- **ACTIVITY**: Starting at the first line of the material below and stopping after the line that includes "Versace Dylan Blue", write the lines out again exactly. Drop any pictures.

- **SUPPLIED RECORDS**:
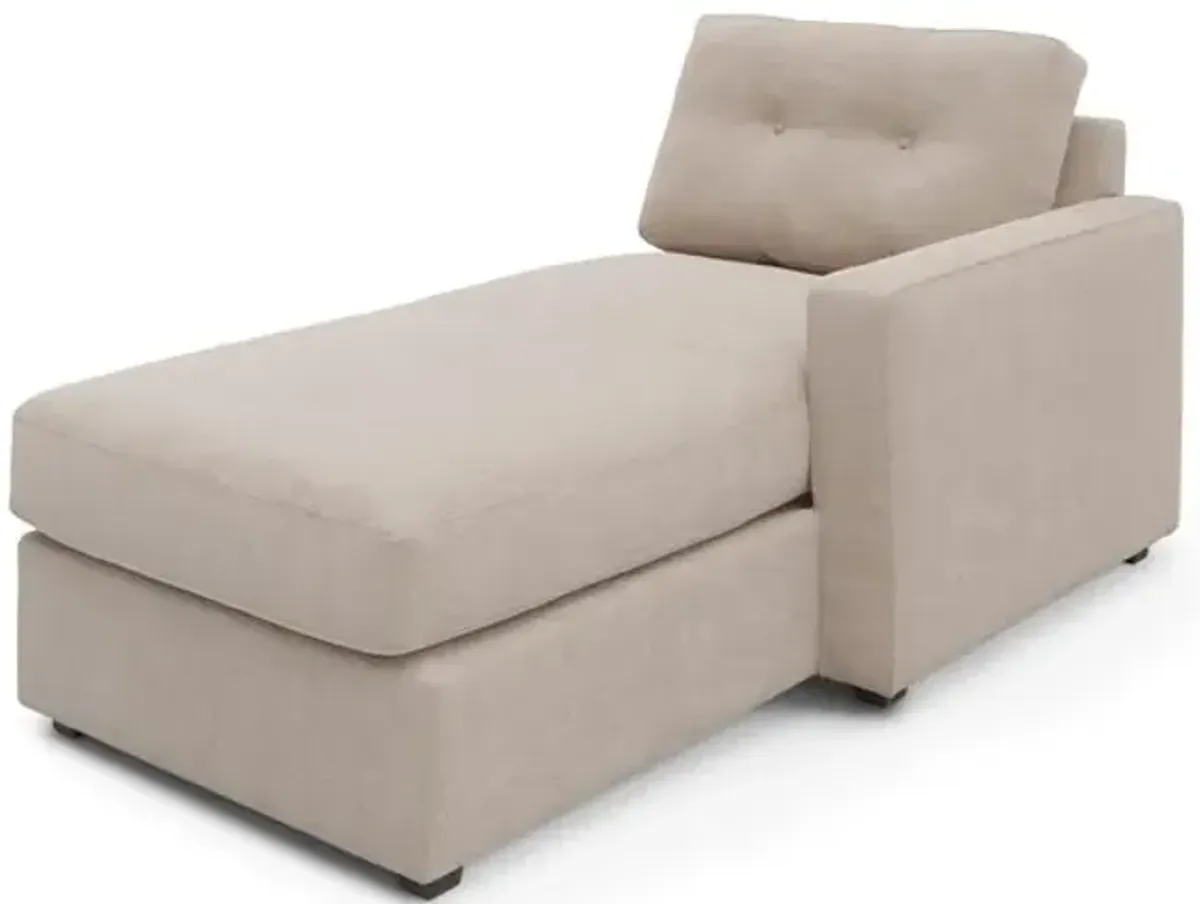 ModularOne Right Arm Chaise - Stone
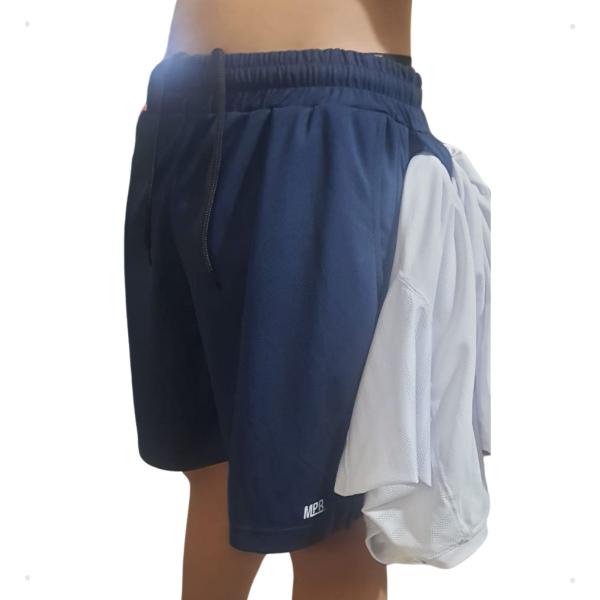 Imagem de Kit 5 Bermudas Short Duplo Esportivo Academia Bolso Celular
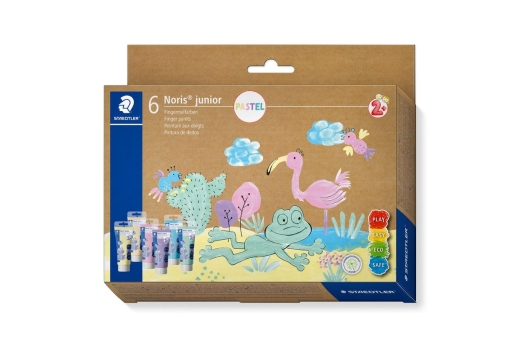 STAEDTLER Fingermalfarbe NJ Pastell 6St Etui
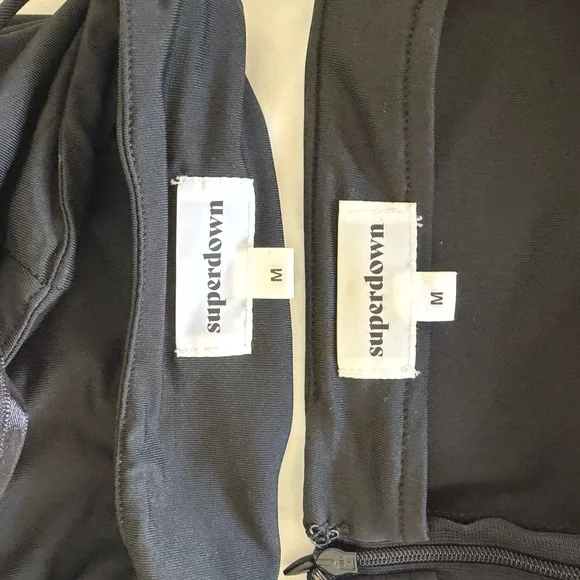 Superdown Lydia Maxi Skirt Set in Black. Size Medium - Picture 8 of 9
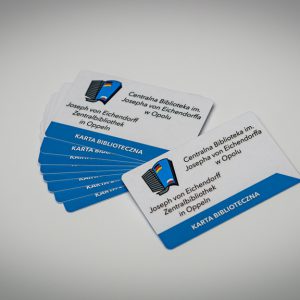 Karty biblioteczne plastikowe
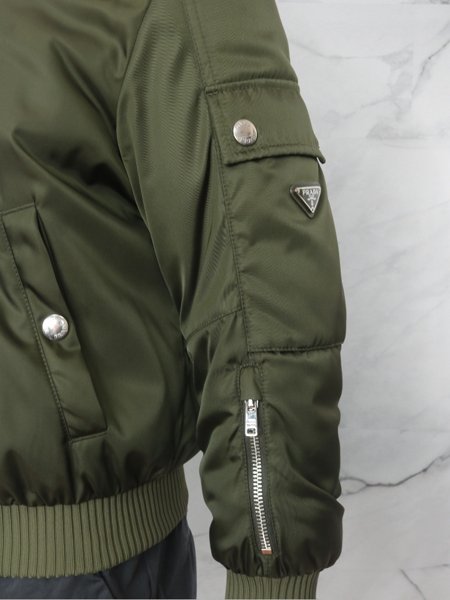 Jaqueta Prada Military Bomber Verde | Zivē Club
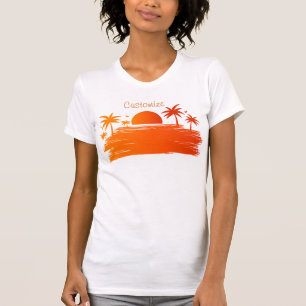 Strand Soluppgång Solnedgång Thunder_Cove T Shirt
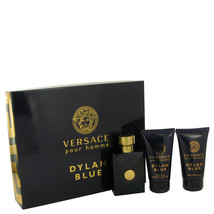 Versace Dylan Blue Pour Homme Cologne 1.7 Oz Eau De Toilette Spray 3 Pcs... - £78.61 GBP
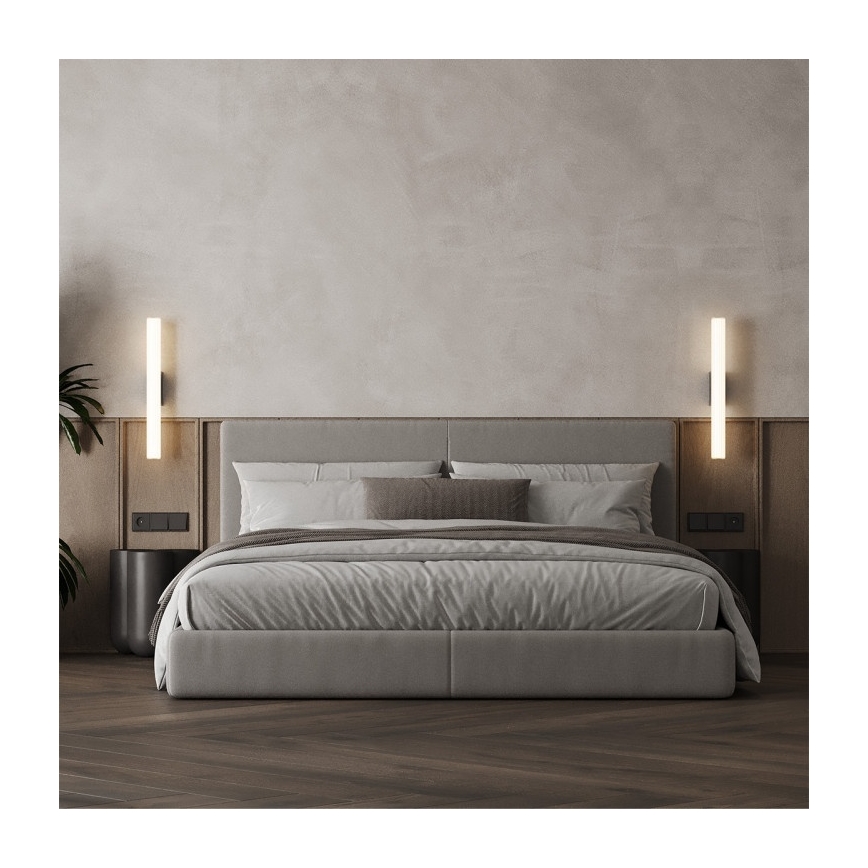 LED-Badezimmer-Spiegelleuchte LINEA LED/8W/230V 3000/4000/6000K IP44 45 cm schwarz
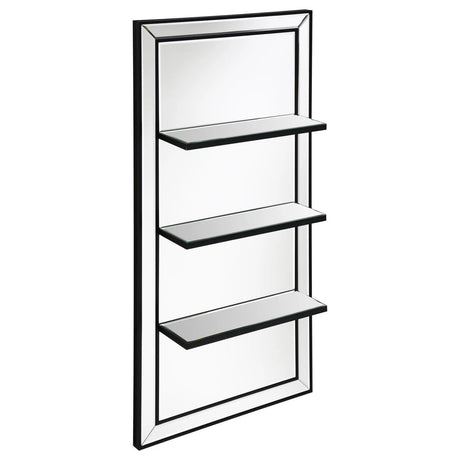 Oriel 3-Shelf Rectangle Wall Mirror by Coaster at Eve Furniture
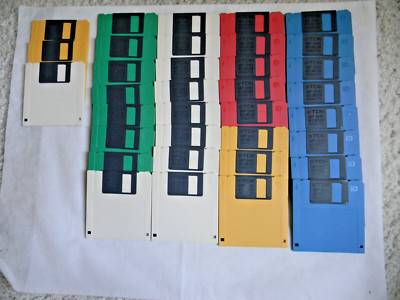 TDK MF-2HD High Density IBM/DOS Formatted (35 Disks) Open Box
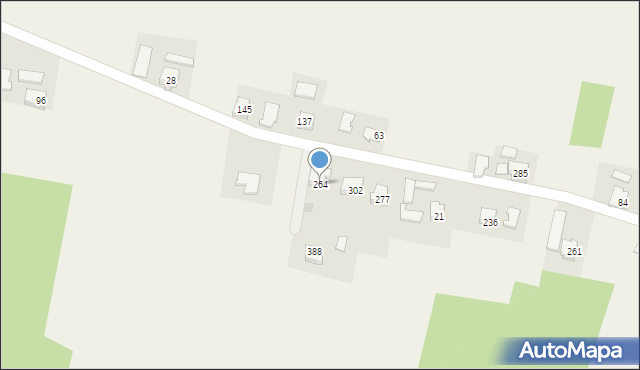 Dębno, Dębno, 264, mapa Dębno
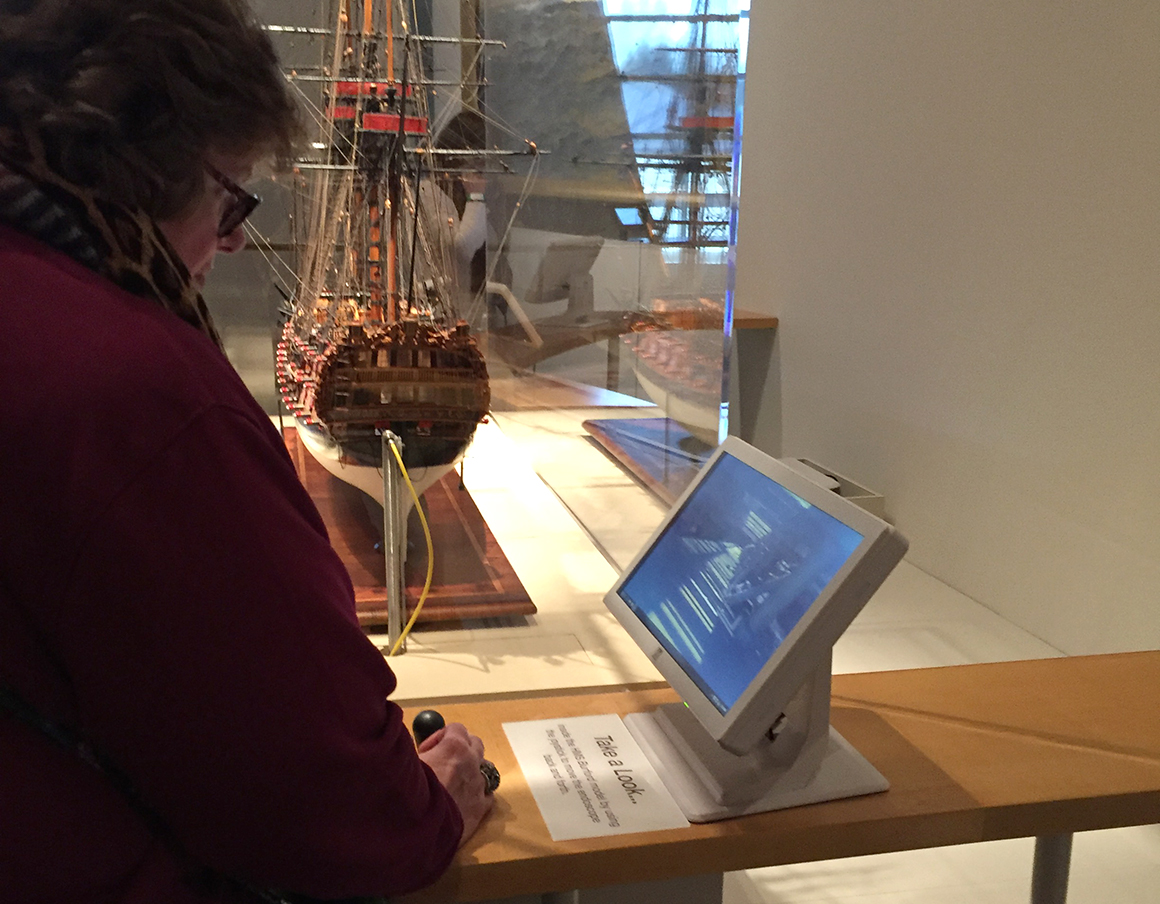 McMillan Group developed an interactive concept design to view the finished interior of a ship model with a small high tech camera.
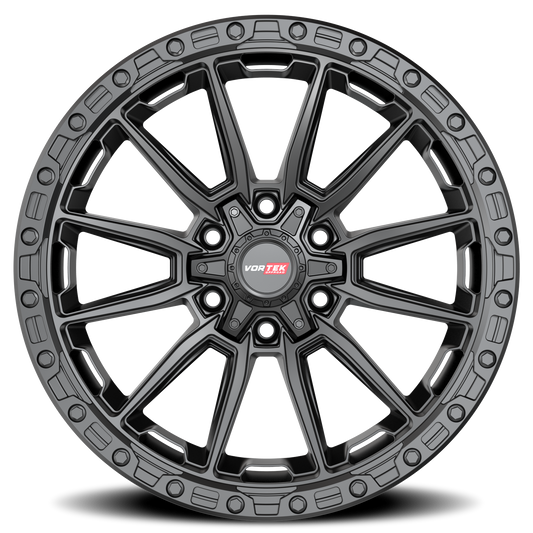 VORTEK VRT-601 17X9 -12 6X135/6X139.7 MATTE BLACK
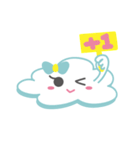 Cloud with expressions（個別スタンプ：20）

- **WRITTEN SOLUTION**:
 ModularOne Right Arm Chaise - Stone
 Imagem de Kit 5 Bermudas Short Duplo Esportivo Academia Bolso Celular
 STAEDTLER Fingermalfarbe NJ Pastell 6St Etui
 Superdown Lydia Maxi Skirt Set in Black. Size Medium - Picture 8 of 9
 Karty biblioteczne plastikowe
 Jaqueta Prada Military Bomber Verde | Zivē Club
 Strand Soluppgång Solnedgång Thunder_Cove T Shirt
 Versace Dylan Blue Pour Homme Cologne 1.7 Oz Eau De Toilette Spray 3 Pcs... - £78.61 GBP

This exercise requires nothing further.